But Engineering, Printing and Manufacturing Union (EPMU) national secretary Andrew Little said the action was restricted only to Air New Zealand planes.
In an internal memorandum issued to staff on Friday, Air NZ's general manager technical operations Chris Nassenstein said Hawaiian Airlines cancelled airplane checks with Air NZ, and moved them to the United States.
Mr Nassenstein said the decision had "serious implications" for the five-year contract, which was still in its first year.
Virgin Blue and Pacific Blue also cancelled heavy maintenance checks at Air NZ's Christchurch base, preferring to have the checks done in Australia in light of the industrial action.
The airlines were able to cancel their contracts because of the industrial action, Mr Nassenstein said.
Last Friday, engineers refused to tow aircraft in or out of hangars, and from this Friday they will refuse to do engine testing, but only on Air NZ planes.
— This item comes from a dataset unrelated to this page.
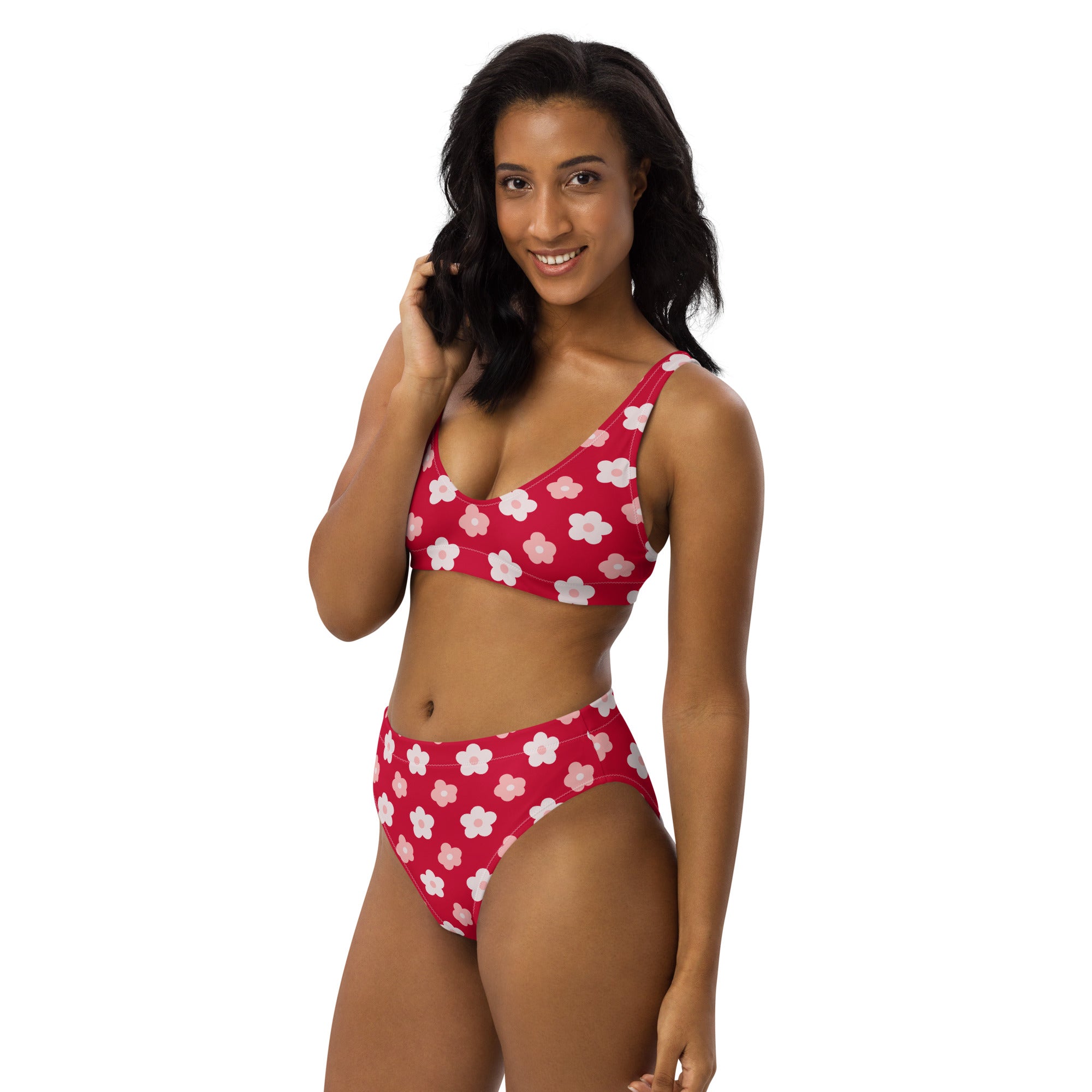Women's Red Daisy Recycled Bikini - Removable Padding, Buttery Soft Quick-Drying UPF 50+ Fabric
EPMU and Marine Engineers Association members, who make up the vast majority of Air NZ's engineering workforce, are seeking a 5.8 percent pay rise.
They have voted not to accept an offer from the company that amounted to 3.92 percent over a year.
They have already imposed a ban on overtime.
The unions and Air NZ have been in informal talks and hope to restart formal negotiations on Friday, Mr Little said.
He said the engineers concerns arose from "residual issues" from the 2006 restructure.
"There's no question that, from our point of view, the deal last time didn't have enough value in and they're after more."